As the squabbling between Obama and McCain continues, the WP’s Howard Kurtz points out that the presumptive Republican nominee’s campaign has also taken to severely criticizing media reports that it views as inaccurate or unfair. Although McCain has a famously good rapport with journalists, the high-profile criticism has translated into a “more contentious relationship between the presumed Republican nominee and major news organizations than is publicly apparent.”

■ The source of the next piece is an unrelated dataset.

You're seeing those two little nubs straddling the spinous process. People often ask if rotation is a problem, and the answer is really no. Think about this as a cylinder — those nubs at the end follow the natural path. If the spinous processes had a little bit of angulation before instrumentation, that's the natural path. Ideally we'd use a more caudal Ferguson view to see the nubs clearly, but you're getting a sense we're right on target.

The LAT fronts a dispatch from Burma, where survivors of Cyclone Nargis continue to struggle to stay alive and, in the worst-hit areas, must learn to get used to the smell of decomposing dead bodies. “It’s not 10, it’s not 100, it’s thousands of bodies,” one survivor said. “We gave up collecting corpses around here.” Soldiers started to gather corpses but also seem to have given up. Although some small amount of food aid is apparently getting to the survivors, locals in the rice-producing region haven’t received any of the necessary materials to start planting again and worry they’ll lose another rice crop, which would only compound their desperation. “I didn’t die, but I feel dead,” a 70-year-old woman said.

In other related news, Burma’s military junta announced that it will let members of the Association of Southeast Asian Nations coordinate international relief efforts but emphasized that “there will not be uncontrolled access.” The U.N. secretary-general plans to travel to Burma today after the country’s military leaders failed to respond to his letters and telephone calls.

The WP fronts, and the NYT goes inside with, a new study that debunks the popular idea of a “boys’ crisis” in the nation’s schools. The report found that the success of girls in education has not come at the expense of boys and notes that income level is a better determinant of academic achievement than gender. “There is no crisis with boys. If there is a crisis, it is with African American and Hispanic students and low-income students, girls and boys,” one of the study’s co-authors said.

In another bit of popular-myth debunking, the WP goes inside with a new study that says it simply isn’t true that teenagers are engaging in oral sex more regularly as a way to keep their “technical virginity.” If anything, it turns out that intercourse might be considered the gateway to oral sex (though, in truth, it all appears to happen at about the same time). “Most teens don’t have oral sex until they have had vaginal sex,” one of the study’s coordinators said. Overall, this means parents need to get used to the idea that they have to talk to their kids about a variety of sexual activities. “They have to embrace the ‘ick’ factor,” said the director of an advocacy group to prevent teen pregnancy. “They have to face the facts.”